A military-run court in Myanmar has sentenced former leader Aung Suu Kyi to six years in prison for corruption. Kyi, 77, is a prominent figure in Myanmar and is staunchly opposed to the military rule of the country. She won a Nobel Peace Prize and is considered one of the most notable opposition figures in the country.
The military has accused her of profound corruption, including 18 offenses ranging from graft to election violations. If she were convicted and given the maximum sentence for all 18 charges, she’d face 190 years behind bars. Suu Kyi has denounced the accusations as “absurd” and denies any wrongdoing.
The ruling military government accused Suu Kyi of misusing funds from the Daw Khin Kyi Foundation. Suu Kyi founded the Daw Khin Kyi Foundation to focus on educating the citizens of Myanmar and promoting healthy lifestyles. The military alleges that Suu Kyi mismanaged funds from the foundation and used them to build herself a house and leased government property at a discounted price.

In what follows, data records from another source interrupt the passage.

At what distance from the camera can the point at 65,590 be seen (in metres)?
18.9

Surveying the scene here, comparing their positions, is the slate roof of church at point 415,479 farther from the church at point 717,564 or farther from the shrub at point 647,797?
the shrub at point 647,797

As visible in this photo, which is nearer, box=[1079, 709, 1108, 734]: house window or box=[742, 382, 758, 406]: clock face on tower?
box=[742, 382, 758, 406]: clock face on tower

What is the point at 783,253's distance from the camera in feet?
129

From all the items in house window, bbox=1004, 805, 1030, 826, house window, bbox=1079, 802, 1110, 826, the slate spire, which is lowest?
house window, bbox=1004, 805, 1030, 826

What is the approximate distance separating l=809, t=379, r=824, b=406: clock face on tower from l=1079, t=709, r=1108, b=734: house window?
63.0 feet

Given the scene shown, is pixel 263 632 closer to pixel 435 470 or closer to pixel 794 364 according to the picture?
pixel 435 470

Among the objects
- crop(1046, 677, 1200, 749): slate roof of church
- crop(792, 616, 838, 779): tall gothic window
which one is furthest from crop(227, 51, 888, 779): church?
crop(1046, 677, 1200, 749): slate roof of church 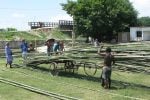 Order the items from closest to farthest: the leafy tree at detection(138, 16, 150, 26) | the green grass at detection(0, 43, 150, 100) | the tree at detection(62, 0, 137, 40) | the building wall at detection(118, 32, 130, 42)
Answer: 1. the green grass at detection(0, 43, 150, 100)
2. the tree at detection(62, 0, 137, 40)
3. the building wall at detection(118, 32, 130, 42)
4. the leafy tree at detection(138, 16, 150, 26)

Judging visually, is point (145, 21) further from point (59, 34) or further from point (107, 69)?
point (107, 69)

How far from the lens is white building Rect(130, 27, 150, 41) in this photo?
67.3 meters

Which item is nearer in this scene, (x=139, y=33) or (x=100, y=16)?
(x=100, y=16)

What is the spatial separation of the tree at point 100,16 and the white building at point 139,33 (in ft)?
4.40

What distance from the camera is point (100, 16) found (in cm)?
6662

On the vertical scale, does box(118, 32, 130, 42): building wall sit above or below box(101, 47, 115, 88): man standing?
above

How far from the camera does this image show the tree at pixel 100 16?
66.4 meters

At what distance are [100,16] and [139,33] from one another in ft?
22.1

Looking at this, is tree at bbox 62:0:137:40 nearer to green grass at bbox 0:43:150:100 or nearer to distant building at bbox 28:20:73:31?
distant building at bbox 28:20:73:31

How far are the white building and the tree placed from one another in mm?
1342

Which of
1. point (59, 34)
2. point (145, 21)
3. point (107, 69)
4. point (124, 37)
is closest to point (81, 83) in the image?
point (107, 69)

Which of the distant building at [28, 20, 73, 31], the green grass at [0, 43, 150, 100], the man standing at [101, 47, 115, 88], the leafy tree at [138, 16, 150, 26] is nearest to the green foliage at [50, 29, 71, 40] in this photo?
the distant building at [28, 20, 73, 31]

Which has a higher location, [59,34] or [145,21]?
[145,21]

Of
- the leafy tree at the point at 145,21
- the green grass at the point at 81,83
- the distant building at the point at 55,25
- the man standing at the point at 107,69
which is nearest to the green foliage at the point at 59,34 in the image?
the distant building at the point at 55,25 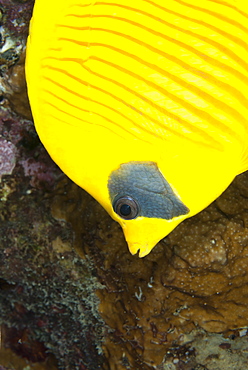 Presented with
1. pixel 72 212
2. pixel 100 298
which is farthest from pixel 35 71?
pixel 100 298

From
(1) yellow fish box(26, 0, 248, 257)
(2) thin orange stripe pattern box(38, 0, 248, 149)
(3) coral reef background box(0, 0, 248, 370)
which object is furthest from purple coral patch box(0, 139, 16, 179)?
(2) thin orange stripe pattern box(38, 0, 248, 149)

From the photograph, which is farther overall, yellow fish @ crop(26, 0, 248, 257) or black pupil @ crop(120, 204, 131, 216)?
black pupil @ crop(120, 204, 131, 216)

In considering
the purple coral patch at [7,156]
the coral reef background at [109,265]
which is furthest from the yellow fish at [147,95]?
the purple coral patch at [7,156]

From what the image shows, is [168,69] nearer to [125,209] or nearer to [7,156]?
[125,209]

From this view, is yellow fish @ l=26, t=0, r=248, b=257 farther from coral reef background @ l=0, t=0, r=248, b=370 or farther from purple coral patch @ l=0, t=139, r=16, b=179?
purple coral patch @ l=0, t=139, r=16, b=179

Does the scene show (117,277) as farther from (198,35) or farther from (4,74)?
(198,35)

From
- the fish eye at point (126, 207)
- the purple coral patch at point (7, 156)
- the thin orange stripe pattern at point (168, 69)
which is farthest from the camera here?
the purple coral patch at point (7, 156)

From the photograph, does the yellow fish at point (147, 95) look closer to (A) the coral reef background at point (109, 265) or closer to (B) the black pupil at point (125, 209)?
(B) the black pupil at point (125, 209) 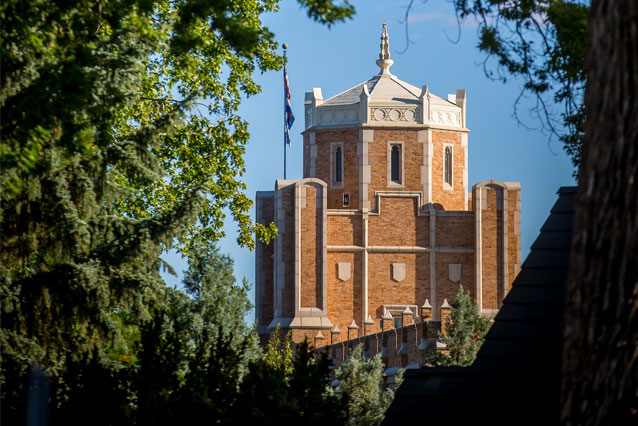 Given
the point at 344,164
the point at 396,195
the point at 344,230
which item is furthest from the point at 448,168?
the point at 344,230

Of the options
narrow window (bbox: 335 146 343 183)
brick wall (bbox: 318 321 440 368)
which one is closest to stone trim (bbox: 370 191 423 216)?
narrow window (bbox: 335 146 343 183)

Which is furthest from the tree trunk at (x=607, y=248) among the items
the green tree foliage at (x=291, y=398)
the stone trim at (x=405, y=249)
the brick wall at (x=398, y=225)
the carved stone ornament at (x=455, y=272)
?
the carved stone ornament at (x=455, y=272)

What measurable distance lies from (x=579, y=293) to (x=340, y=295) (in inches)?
1947

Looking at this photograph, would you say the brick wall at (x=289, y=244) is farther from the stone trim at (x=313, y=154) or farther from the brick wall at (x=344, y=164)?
the stone trim at (x=313, y=154)

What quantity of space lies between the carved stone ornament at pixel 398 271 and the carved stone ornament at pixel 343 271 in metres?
2.38

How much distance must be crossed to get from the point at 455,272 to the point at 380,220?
15.1ft

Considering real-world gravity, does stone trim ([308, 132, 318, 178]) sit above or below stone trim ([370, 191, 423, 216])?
above

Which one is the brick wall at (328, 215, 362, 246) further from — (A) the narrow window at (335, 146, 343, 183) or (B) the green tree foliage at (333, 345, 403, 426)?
(B) the green tree foliage at (333, 345, 403, 426)

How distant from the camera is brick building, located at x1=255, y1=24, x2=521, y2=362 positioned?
54.0m

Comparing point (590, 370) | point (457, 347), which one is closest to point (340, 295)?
point (457, 347)

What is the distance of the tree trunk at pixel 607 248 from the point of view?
5.41 m

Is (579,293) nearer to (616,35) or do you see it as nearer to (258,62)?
(616,35)

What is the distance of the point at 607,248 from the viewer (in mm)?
5477

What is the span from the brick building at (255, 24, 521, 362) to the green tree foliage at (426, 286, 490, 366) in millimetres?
19608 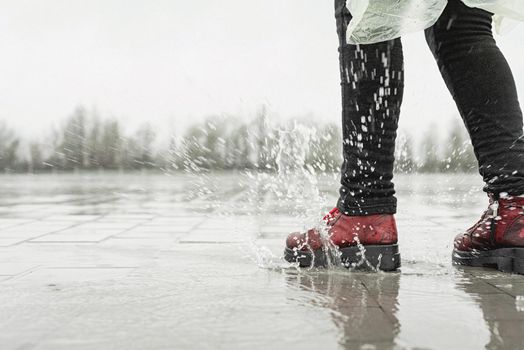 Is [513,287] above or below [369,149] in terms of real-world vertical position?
below

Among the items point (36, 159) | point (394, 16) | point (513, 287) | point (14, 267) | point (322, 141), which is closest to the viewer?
point (513, 287)

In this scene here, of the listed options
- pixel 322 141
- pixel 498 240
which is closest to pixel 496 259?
pixel 498 240

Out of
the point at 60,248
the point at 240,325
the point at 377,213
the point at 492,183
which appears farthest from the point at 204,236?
the point at 240,325

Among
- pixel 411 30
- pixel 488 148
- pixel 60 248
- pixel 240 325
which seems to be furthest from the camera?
pixel 60 248

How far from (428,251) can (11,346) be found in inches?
67.0

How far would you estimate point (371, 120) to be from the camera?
1.91 metres

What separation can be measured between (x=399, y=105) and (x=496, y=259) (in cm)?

Suu Kyi is now being held in solitary confinement in a prison in the country’s capital, Naypyitaw. She already faces eleven years behind bars for crimes she’s been convicted of in other military-led trials.
The situation in Myanmar has been troubling since last year when the military violently overthrew the democratically-elected government led by Suu Kyi. They implemented a brutal crackdown on public dissent. The junta has publicly jailed, tortured, and murdered dissidents in a widespread campaign the UN has decried as a crime against humanity.
The world’s governments have roundly decried the situation and levied harsh sanctions against Myanmar’s military. Government leaders around the world have called the charges against Suu Kyi a farce, arguing that these are politically-motivated charges intended to discredit the regime and remove a popular leader from power.
Myanmar’s military government says Suu Kyi is being given a fair trial and decries the international backlash as unnecessary foreign intervention. That characterization is far from the reality of the situation, however. “It’s a massive assault against her rights, and part of the campaign to bury her and the [National League for Democracy] forever,” says Human Rights Watch’s deputy Asia director, Phil Robertson.
Notably, Myanmar’s military ruled the country for decades before Suu Kyi’s party won democratic elections and brought forth a brief period of reforms. Her ouster from office in February 2021 returned the country to the military rule it has known since the end of British colonial rule nearly 70 years ago.